Fevansia
- Conservation status: Endangered (IUCN 3.1)

Scientific classification
- Kingdom: Fungi
- Division: Basidiomycota
- Class: Agaricomycetes
- Order: Russulales
- Family: Albatrellaceae
- Genus: Fevansia Trappe & Castellano (2000)
- Species: F. aurantiaca
- Binomial name: Fevansia aurantiaca Trappe & Castellano (2000)

= Fevansia =

- Genus: Fevansia
- Species: aurantiaca
- Authority: Trappe & Castellano (2000)
- Conservation status: EN
- Parent authority: Trappe & Castellano (2000)

Genus of fungi

Fevansia is a fungal genus in the family Albatrellaceae. A monotypic genus, it contains the single rare truffle-like species Fevansia aurantiaca, found in old-growth forests of Oregon. The name Fevansia honors Frank Evans of the North American Truffling Society, who collected the holotype specimen. Aurantiaca is Latin for "pale orange", referring to the color of the peridium.

==Description==
Truffles are fungi that have evolved to be hypogeous, or below the ground, and thus they have reduced morphological features. Some of the features commonly analyzed on truffles are the peridium, or the outside, the gleba, which is the inner tissue which contains the spores, and the spores themselves.

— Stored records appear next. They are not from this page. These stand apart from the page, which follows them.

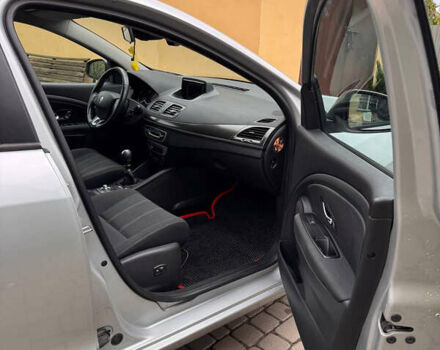 Серый Рено Меган, объемом двигателя 1.5 л и пробегом 246 тыс. км за 8500 $, фото 7 на Automoto.ua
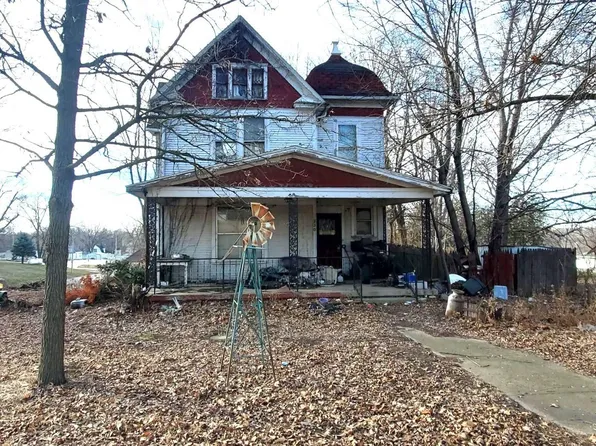 220 Oak Ave, Charter Oak, IA 51439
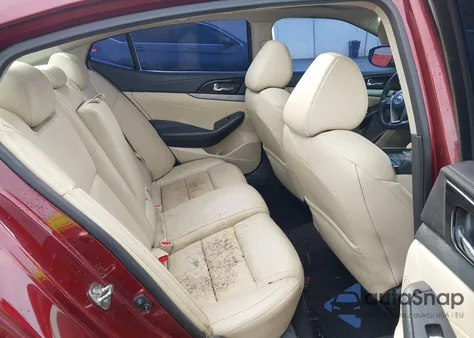 2017 Nissan Maxima 3.5 Sl z USA, uszkodzony, nr VIN 1N4AA6AP3HC426071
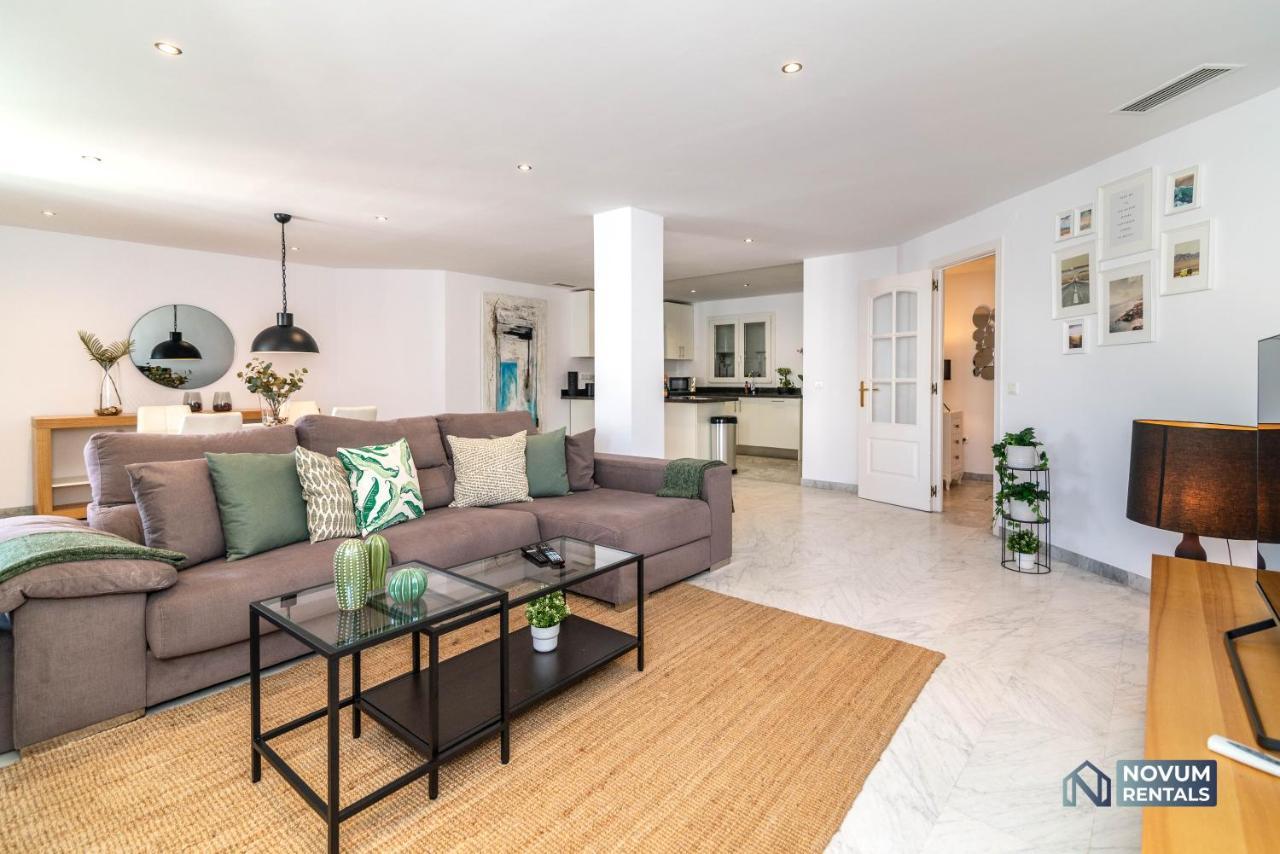 Puerto Banus Finest 2-Bdrm Apt - 50 Metres To Beach Марбелья Екстер'єр фото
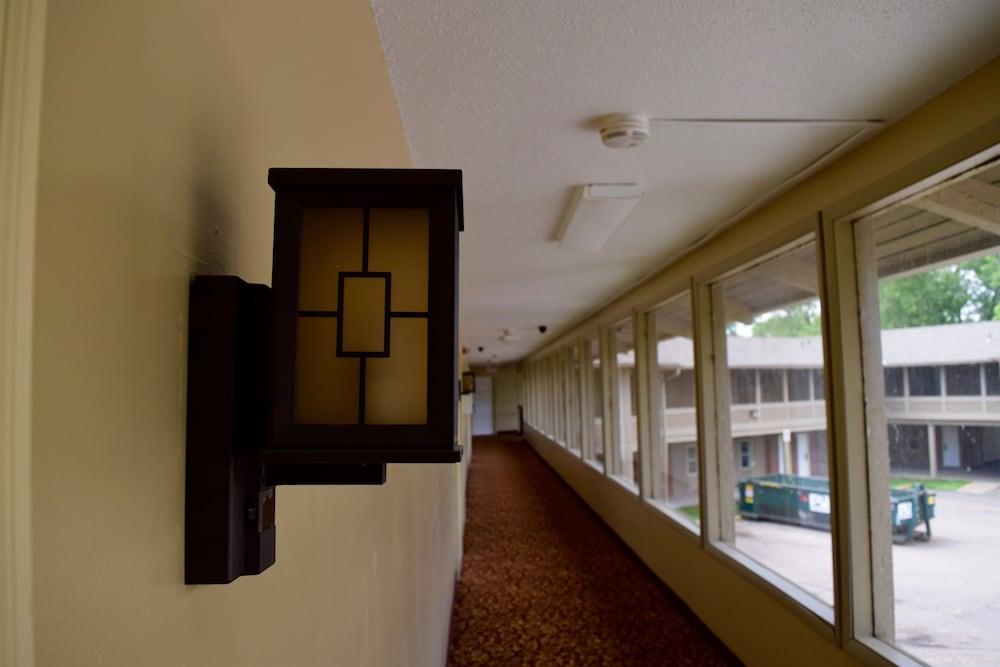 Snelling Motel photo 9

The peridium of Fevansia is 100–200 μm thick. The gleba is firm and moist and the color is pale orange with either a pink or an orange tint. The spores are 10–13 by 3.5–5 μm, spindle-shaped, and smooth and appear in large groups to be gray-yellow and appear pale yellow when observed singly.

==Classification==
The fungus was originally classified as a member of the family Rhizopogonaceae (order Boletales) because of its general morphological similarity to the genera Alpova and Rhizopogon section Rhizopogonella. Recent (2013) molecular phylogenetic analysis, however, indicates that Fevansia is a member of the family Albatrellaceae in the order Russulales. For this reason, it is suspected to be mycorrhizal (like all other known Albatrellus species), although this has not yet been confirmed.

==Habitat, distribution, and ecology==
Fevansia aurentiaca truffles are found in the Pacific Northwest but are uncommon. Truffles are hypogeous by nature, leading to a certain degree of difficulty in finding them. As a result, there are few specimens available for genetic analysis. Most of the Fevansia specimens can be found in the Mycological Herbarium of Oregon State University.

Truffles are most commonly found in forest ecosystems, where they form symbiotic relationships with trees, one example of this symbiotic relationship is ectomycorrhiza (ECM). While most truffles form ectomycorrhizal relationships, it is unclear is this is true of F. aurentiaca. There are no DNA matches to ECM root tips that suggests Fevasia forms these relationships. It is most likely, however, because it is most often found under ECM forming Pinaceae. The new DNA evidence that puts Fevansia in the Albatrellaceae also suggests that it is an ECM symbiont, like most members of that family.